One Day in the Life of Ivan Denisovich: Chapter 4
Chapter 4 (pages 62-72, building site–sentence)
As Gang 104 crosses the enormous building site, they cross paths with Gang 82. Shukhov suggests they build a fire to thaw the ground they’ll be working on, but the other man replies they’re not allowed the wood. Kilgas utters Shukhov’s sentiments exactly in his expression of outrage at this lack of sense, but as it’s too cold to speak, the men continue on their way, carrying boards upright to conceal the roofing felt and to prevent the illicit material being seen by the watchmen. When they get back to the work site, the cement mixer is in pieces, but the boss’s frustration is relieved when he sees the roofing felt, and he assigns Shukhov to fix the stove and Kilgas and the Estonians to fix the mixer. The narrator explains the philosophy of work in gangs, where prisoners are so dependent on each other for their lives they keep each other in check.
Pavlo arrives with the tools and Shukhov remembers a trowel he’d hidden previously which will now come in handy. Tyurin leaves to fix the work rates, an all-important role for a gang boss, and the men get down to work. Since the water freezes in the buckets, they decide to melt snow. Gopchick finds some wire and asks Shukhov to teach him to make a spoon. Kilgas jokes that he’ll charge a hundred rubles for the job, and Pavlo laughs. Alyoshka arrives with some coal, but is confused when another man shouts to use wood instead. Fetyukov puts his felt boots up against the stove and is punished by being sent to carry sand. Soon the windows are covered, the bricks have arrived by truck, and the challenge is to get them up to the second story without a hoist. They arrange men above and below to move bricks assembly-line fashion, and by noon they are working away. The Captain declares that it is 1:00 p.m. when the sun is directly overhead as it is now, because the Soviet Government passed a law saying so. The communists have gotten harsher recently, and since 1949 have been sentencing men to twenty-five years rather than ten, as is the case with Kilgas. Shukhov is considered lucky by the others as his sentence is nearly up, but he knows better than to believe he’ll really be let out rather than given another sentence when his number’s up.

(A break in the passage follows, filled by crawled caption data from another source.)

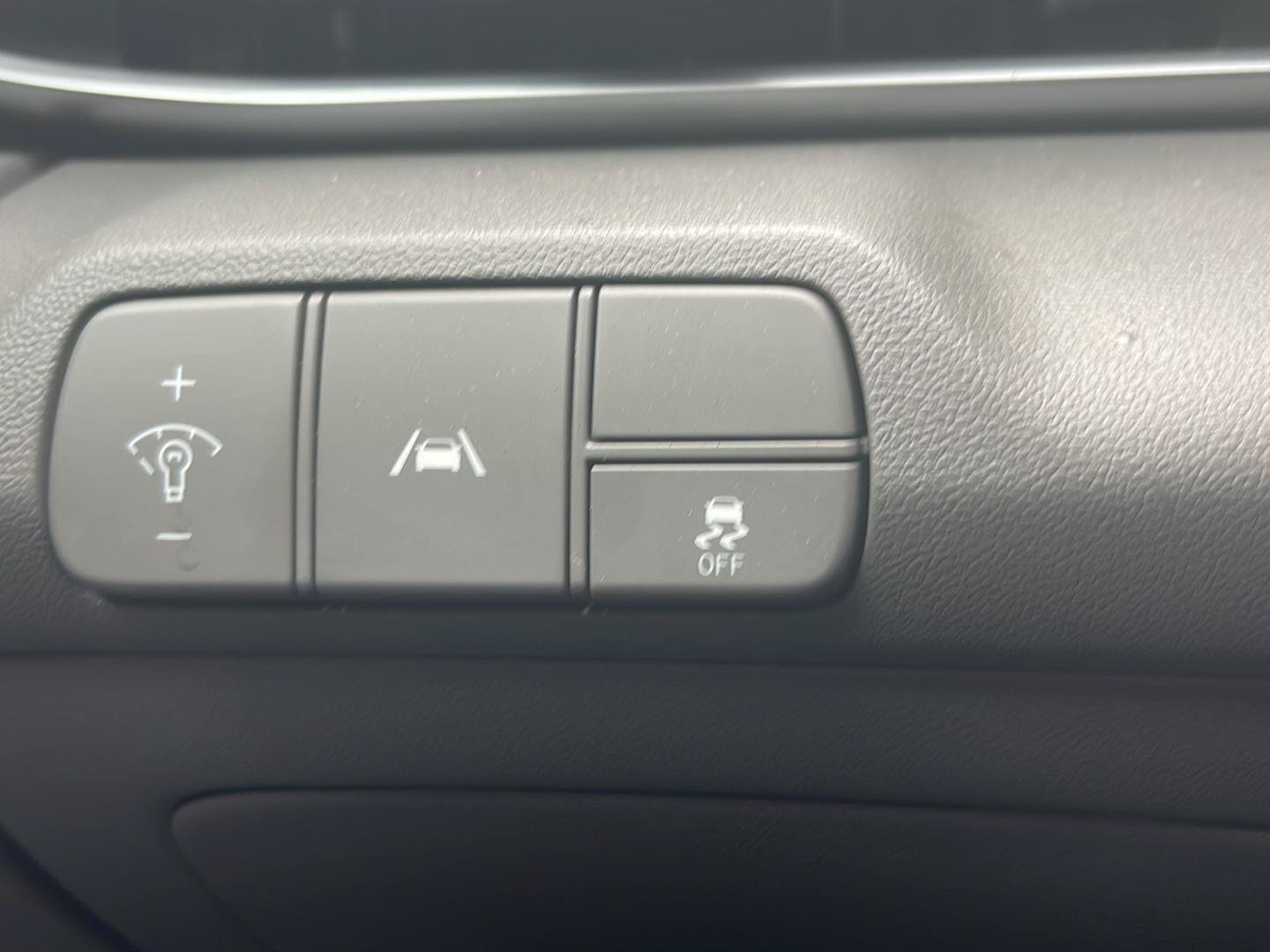 Certified 2023 Hyundai Elantra SEL FWD image 21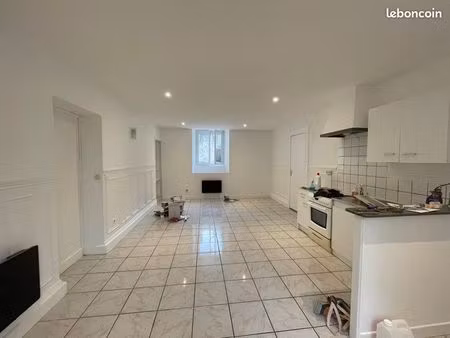location appartement t2 dourdan 51 58 m2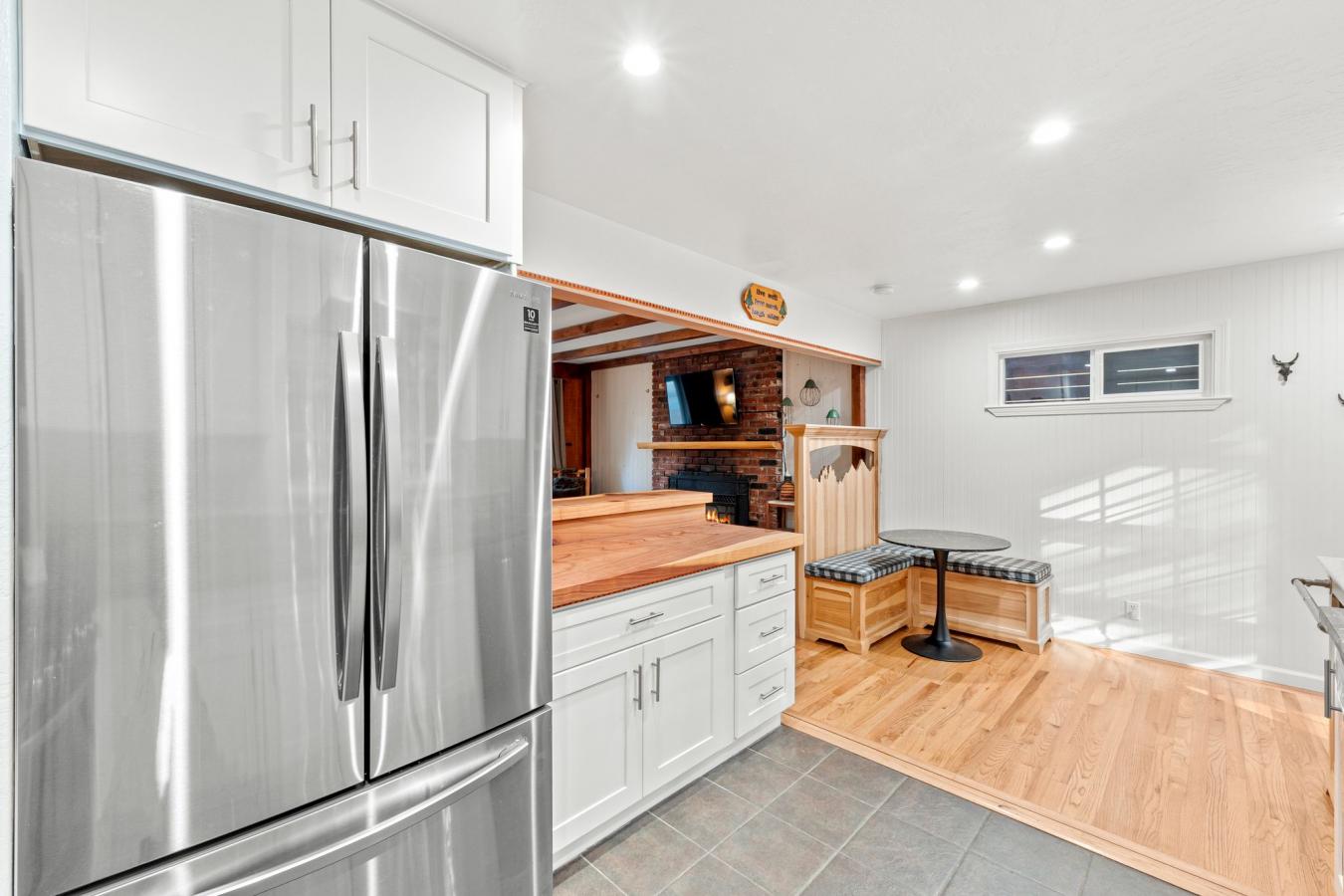 South Lake Tahoe, El Dorado, 96150, United States, 3 Bedrooms Bedrooms, ,-2 BathroomBathrooms,Residential,For Sale,1945407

The unfairness of the Soviet prison system is the main point of this section. From the cruel forcing of the prisoners to work outside without fire to the fact they are unpaid for their hard work, the system is against the men’s welfare. Each has his own way of dealing with this injustice, and Kilgas’ humor seems a good approach. He is able to maintain his humanity by making jokes, and sharing a laugh together brings the men closer. This scene shows Shukhov is in his element: he is a talented carpenter and enjoys working with his hands, whether carpentry or crafting utensils. The teenage Gopchik brings out a paternal sentiment in him, and he promises to teach him to make a spoon out of raw material, further showcasing his ability to thrive on minimal inputs. His high spirits at noontime, or, as the Captain only half-jokingly suggests, at one o’clock according to Soviet mandate (preposterously dictating such unchangeable facts of nature as the hour the sun reaches its height in the sky), suggest the day will go by fast as the work is fulfilling and feels good despite the chill. Shukhov’s good fortune in having been sentenced to only ten years in prison while the men who arrived later received twenty-five seems arbitrary indeed, as the lengths bear no resemblance to the offences committed or alleged, but rather reflect the whim of the Soviet regime, which may as easily add years to a sentence as it purports to re-assign time.